Data in this exercise —
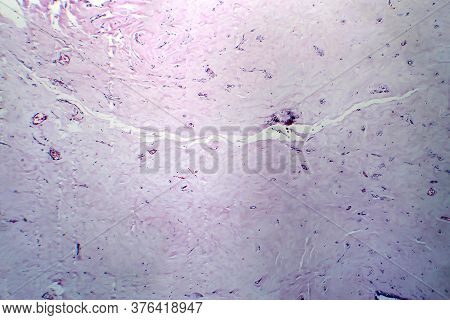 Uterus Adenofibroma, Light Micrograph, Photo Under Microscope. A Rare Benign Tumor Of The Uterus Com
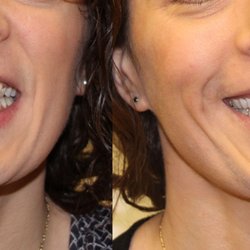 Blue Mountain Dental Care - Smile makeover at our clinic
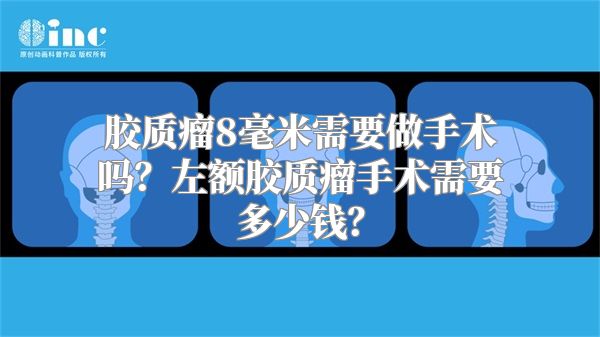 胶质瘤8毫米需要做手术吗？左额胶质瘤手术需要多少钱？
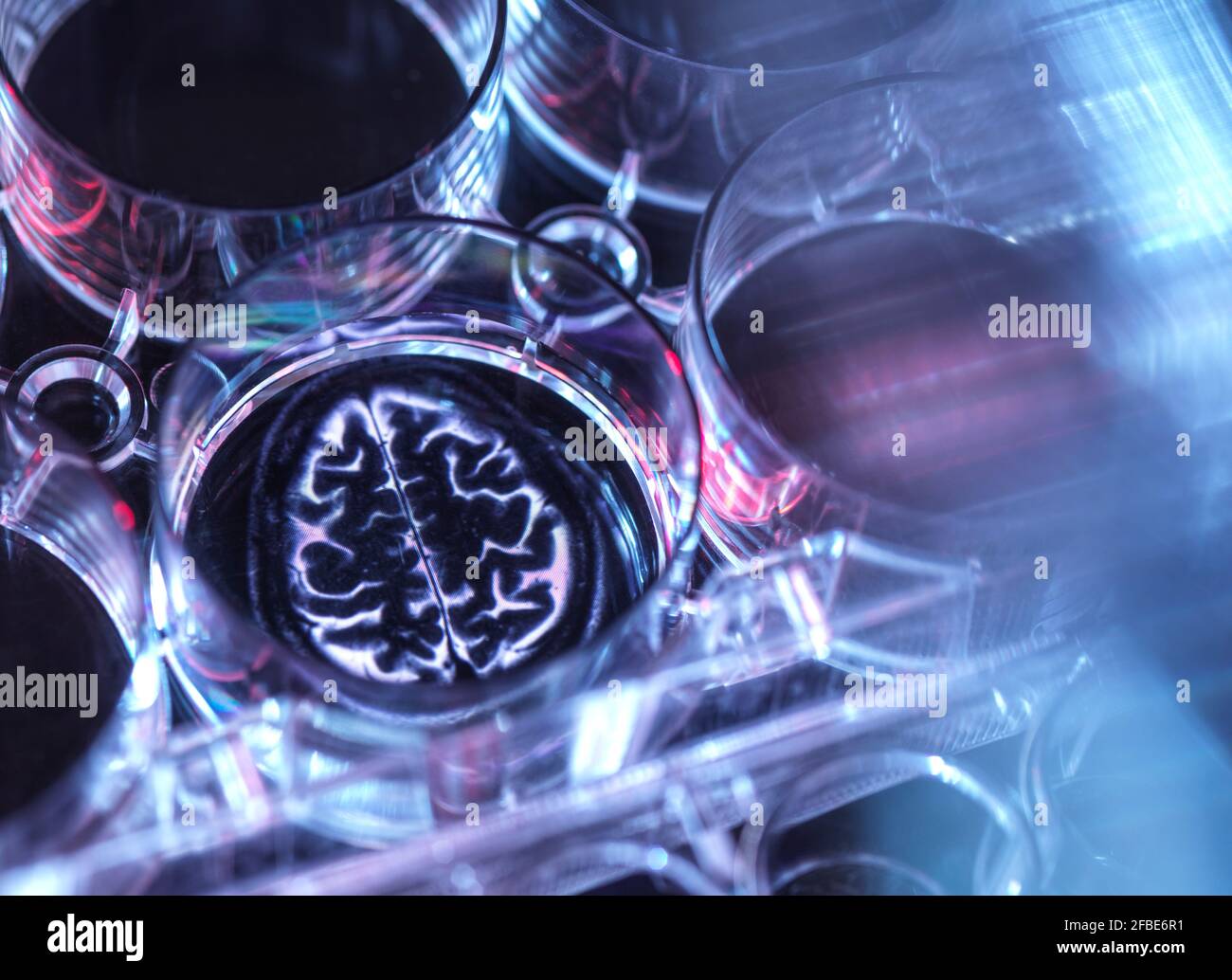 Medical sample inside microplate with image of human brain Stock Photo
---
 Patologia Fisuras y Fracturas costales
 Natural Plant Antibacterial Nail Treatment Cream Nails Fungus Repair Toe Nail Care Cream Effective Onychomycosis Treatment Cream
--
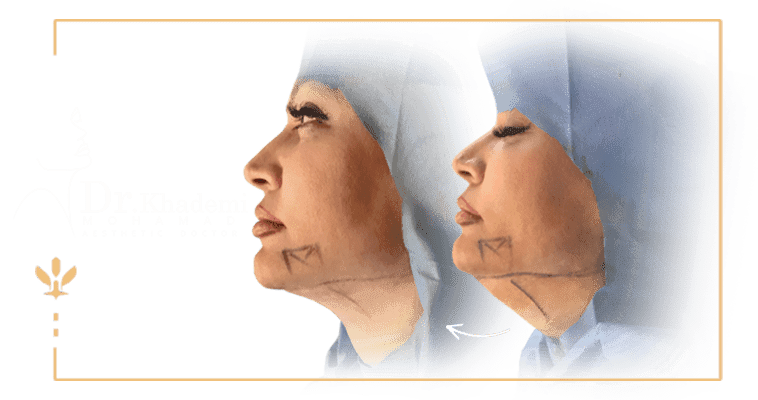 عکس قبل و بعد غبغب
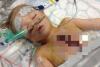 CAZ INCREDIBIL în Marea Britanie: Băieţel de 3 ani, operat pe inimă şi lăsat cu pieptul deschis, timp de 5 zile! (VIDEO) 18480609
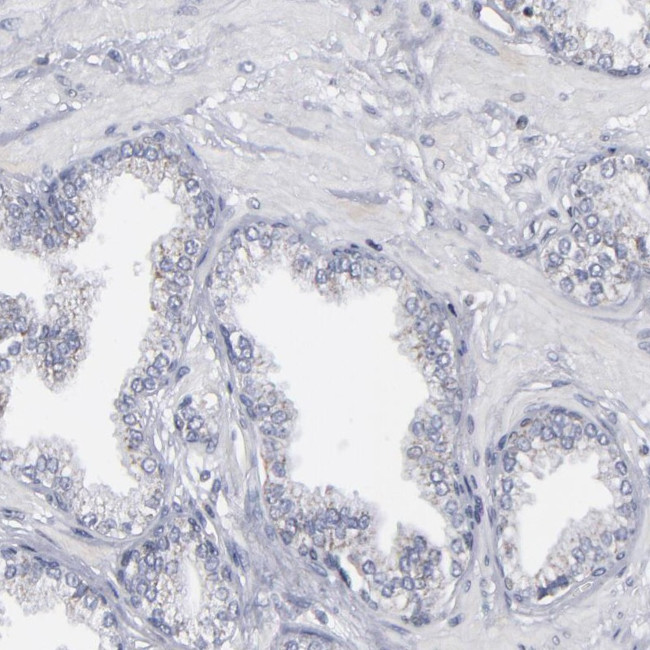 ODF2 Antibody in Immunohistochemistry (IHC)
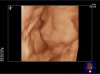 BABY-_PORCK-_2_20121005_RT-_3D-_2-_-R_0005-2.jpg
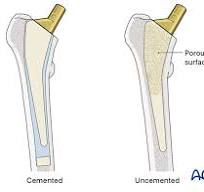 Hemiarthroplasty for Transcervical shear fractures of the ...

Assigned task — Print exactly the lines above that run from the one with "Blue Mountain Dental" to the one with "Medical sample inside", both included. No pictures.

Task answer —
 Blue Mountain Dental Care - Smile makeover at our clinic
 胶质瘤8毫米需要做手术吗？左额胶质瘤手术需要多少钱？
 Medical sample inside microplate with image of human brain Stock Photo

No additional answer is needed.